## Task input
-- Opening Marker --

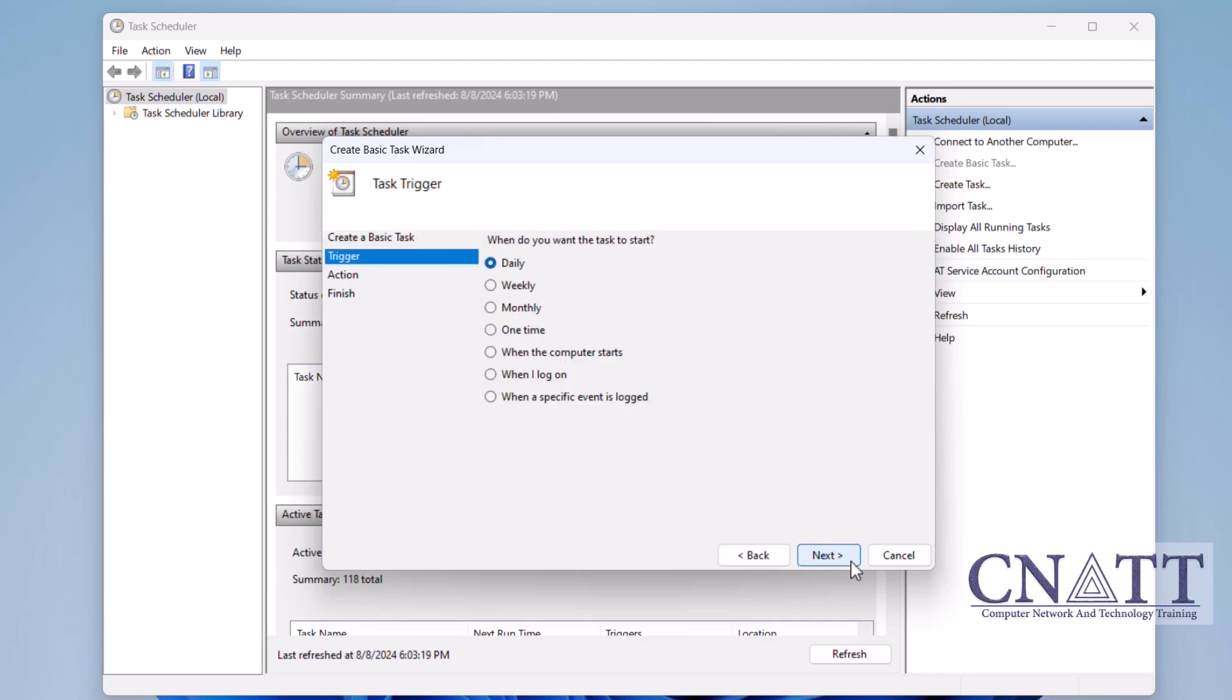Next, choose when you want the scan to run. You can set it up to run daily, weekly, or monthly. Pick the schedule that works best for you and click Next.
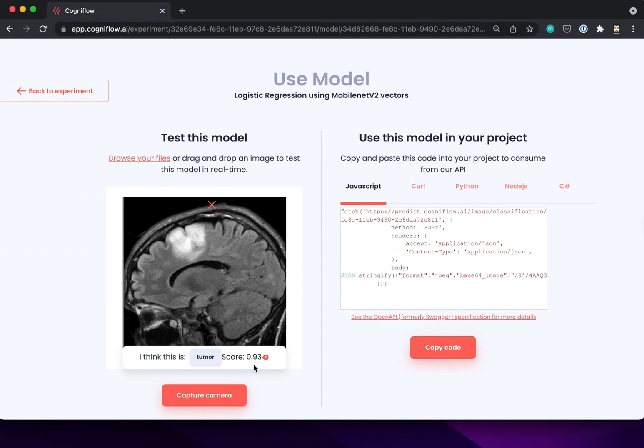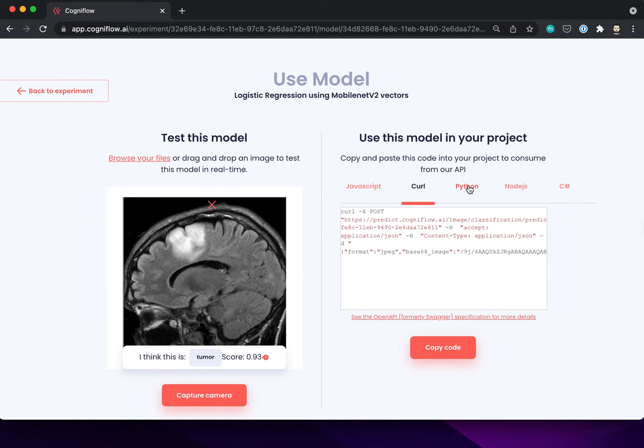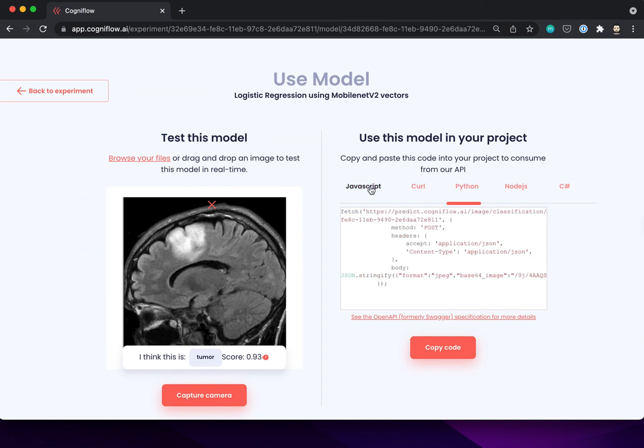If you want to connect this model to an existing application you have the API specification on the right side. Thanks for watching, and happy training.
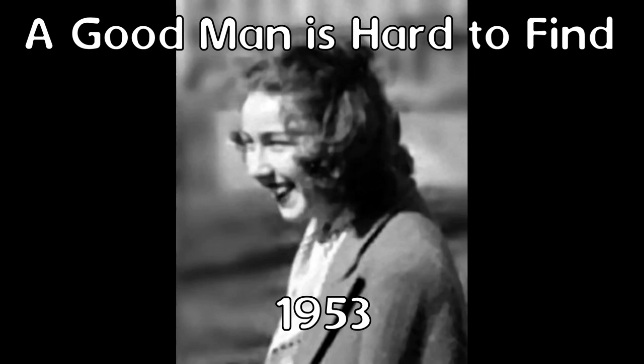A Good Man is Hard to Find was written by Flannery O'Connor in 1953. Full disclosure, I love Flannery O'Connor.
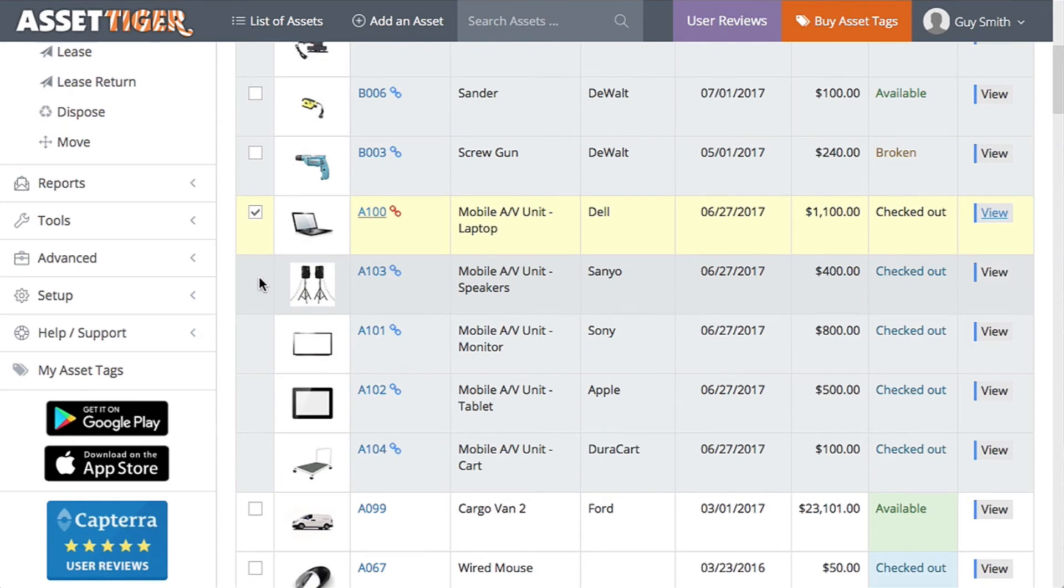Linking assets is helpful when you're checking assets out, when you're scheduling maintenance, or when you want to sell assets. Pretty much anything you use AssetTagger for, you can do it with individual or linked assets.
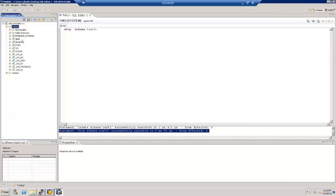So this is how we drop a schema when we no longer need it in the system. A schema is basically a way of organizing all our development structure — all our tables and procedures — in one particular schema, providing a broader organization of tables and work done for a particular project.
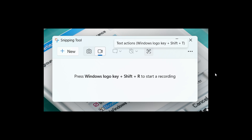I think that's a nice handy improvement to go directly to the OCR capability to copy text — as an example, out of an image — you just use Windows key, Shift, and T. And I think that's a nice move in the right direction.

-- Closing Marker --

## Work task
Print every line above once more, exactly. Omit the pictures.

## Output of the task
Next, choose when you want the scan to run. You can set it up to run daily, weekly, or monthly. Pick the schedule that works best for you and click Next.
If you want to connect this model to an existing application you have the API specification on the right side. Thanks for watching, and happy training.
A Good Man is Hard to Find was written by Flannery O'Connor in 1953. Full disclosure, I love Flannery O'Connor.
Linking assets is helpful when you're checking assets out, when you're scheduling maintenance, or when you want to sell assets. Pretty much anything you use AssetTagger for, you can do it with individual or linked assets.
So this is how we drop a schema when we no longer need it in the system. A schema is basically a way of organizing all our development structure — all our tables and procedures — in one particular schema, providing a broader organization of tables and work done for a particular project.
I think that's a nice handy improvement to go directly to the OCR capability to copy text — as an example, out of an image — you just use Windows key, Shift, and T. And I think that's a nice move in the right direction.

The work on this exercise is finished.